Robots.txt is a simple yet significant file that can determine the fate of your website in search engine result pages (SERPs). Which is why it’s important to get a deeper understanding of how robots.txt works.

By understanding the basics, you will be able to create the perfect robots.txt file that makes it easier for search engines to crawl and index your pages.

What is a robots.txt file?

Robots.txt is a file in text form that instructs bot crawlers to index or not index certain pages. It is also known as the gatekeeper for your entire site.

Bot crawlers’ first objective is to find and read the robots.txt file, before accessing your sitemap or any pages or folders.

A basic robots.txt file might look something like this:

User-Agent: *
Disallow:

Sitemap: https://www.example.com/sitemap_index.xml

The location of your robots.txt file is also important because all bots will look for www.yourdomain.com/robots.txt.

If they don’t find anything there, they will assume that the site does not have a robots.txt file and index everything. The file must be an ASCII or UTF-8 text file. It is also important to note that rules are case-sensitive.

How to create a robots.txt file

Implementing the use of a robots.txt file is really quite simple and can be done in just a few steps.

  1. The first step is to actually create your robots.txt file. This can be achieved by creating a file called “robots.txt” with a simple text editor.
  2. Next, define your parameters within the robots.txt file.
  3. Upload your robots.txt file to your website’s root directory. Now whenever a search engine crawls your site, it will check your robots.txt file first to determine if there are sections of the website which shouldn’t be crawled.

Robots.txt syntax

A robots.txt file consists of one or more blocks of directives, each starting with a user-agent line.

The “user-agent” is the name of the specific spider it addresses. You can either have one block for all search engines, using a wildcard for the user-agent, or particular blocks for particular search engines.

A search engine spider will always pick the block that best matches its name.
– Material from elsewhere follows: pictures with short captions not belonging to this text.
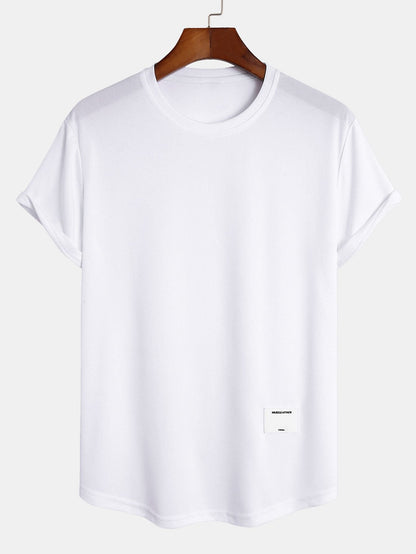 Muskelpassform Arc Hem Mesh T-shirt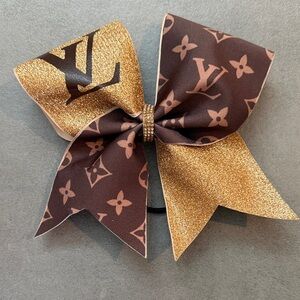 Monogram Brown & Gold Bow Hair Tie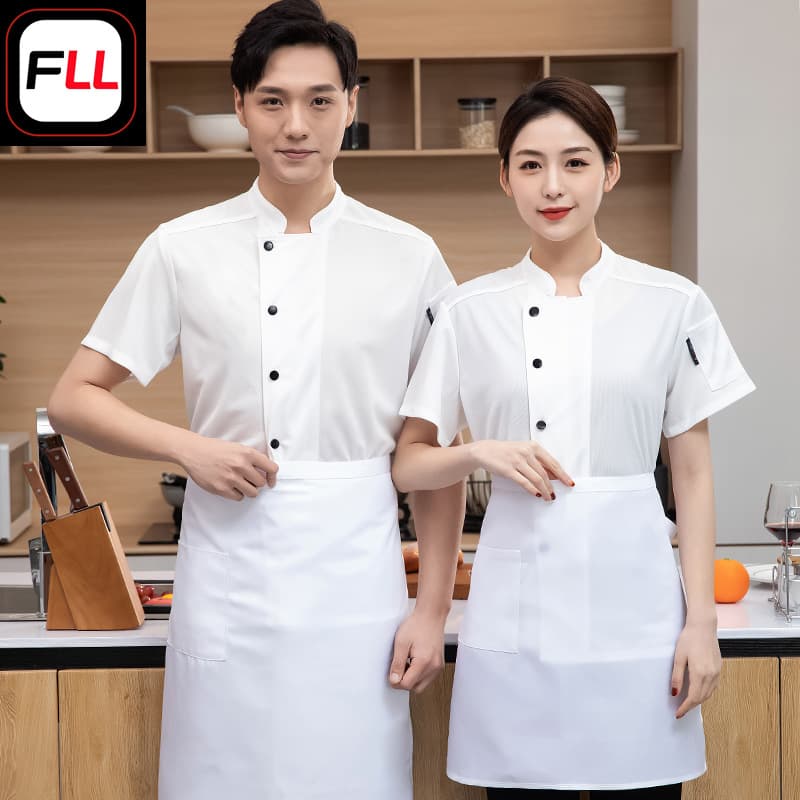 School Canteen Workwear Breathable Mesh Restaurant Bakery Kitchen Chef Short Sleeve Summer Thin Women's Uniform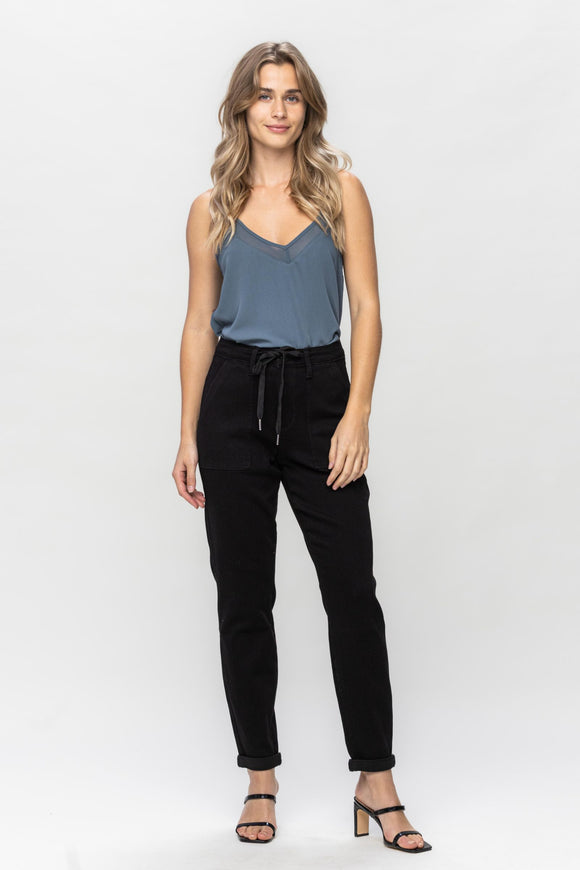 JUDY BLUE HIGH WAIST JET BLACK DOUBLE ROLL CUFF JOGGER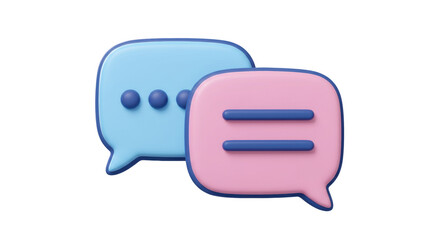 Isolated Speech Bubbles for Communication in Light Blue and Pink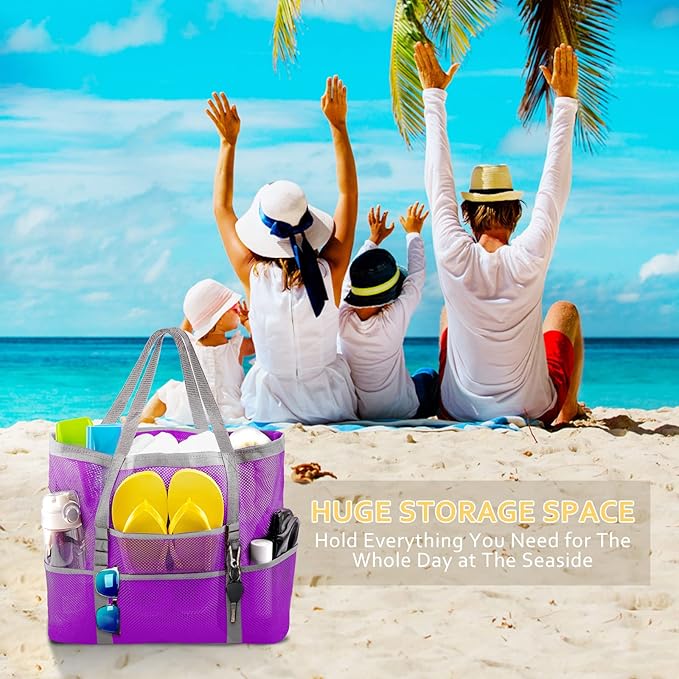 SRISE Mesh Beach Bag - Large Beach Tote Bag for Family Beach Bag for Toys & Vacation Essentials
So here is an example of a blocks which look like this:

User-agent: * 
Disallow: / 

User-agent: Googlebot 
Disallow: 

User-agent: bingbot 
Disallow: /not-for-bing/ 

Directives like Allow and Disallow should not be case-sensitive, so it’s up to you to write them in lowercase or capitalize them.

The values are case-sensitive so /photo/ is not the same as /Photo/. We like to capitalize directives because it makes the file easier (for humans) to read.

The user-agent directive

The first bit of every block of directives is the user-agent, which identifies a specific spider.

Most search engines have multiple spiders. They will use a specific spider for their normal index, ad programs, images, videos, etc.

Search engines always choose the most specific block of directives they can find. Suppose you have three sets of directives: one for *, one for Googlebot and one for Googlebot-News.

If a bot comes by whose user-agent is Googlebot-Video, it would follow the Googlebot restrictions. A bot with the user-agent Googlebot-News would use the more specific Googlebot-News directives.

The disallow directive

The second line in any block of directives is the Disallow line. You can have one or more of these lines, specifying which parts of the site the specified spider can’t access.

An empty Disallow line means you’re not disallowing anything so that a spider can access all sections of your site.

The example below would block all search engines that “listen” to robots.txt from crawling your site.

User-agent: * 
Disallow: / 

The example below would allow all search engines to crawl your entire site by dropping a single character.

User-agent: * 
Disallow: 

The example below would block Google from crawling the Photo directory on your site – and everything in it.

User-agent: googlebot 
Disallow: /Photo 

This means all the subdirectories of the /Photo directory would also not be spidered. It would not block Google from crawling the /photo directory, as these lines are case-sensitive.

This would also block Google from accessing URLs containing /Photo, such as /Photography/.

How to use wildcards/regular expressions

Officially the robots.txt standard doesn’t support regular expressions or wildcards; however, all major search engines understand it. This means you can use lines like this to block groups of files:

Disallow: /*.php 
Disallow: /copyrighted-images/*.jpg 

In the example above, * is expanded to whatever filename it matches. Note that the rest of the line is still case-sensitive, so the second line above will not block a file called /copyrighted-images/example.JPG from being crawled.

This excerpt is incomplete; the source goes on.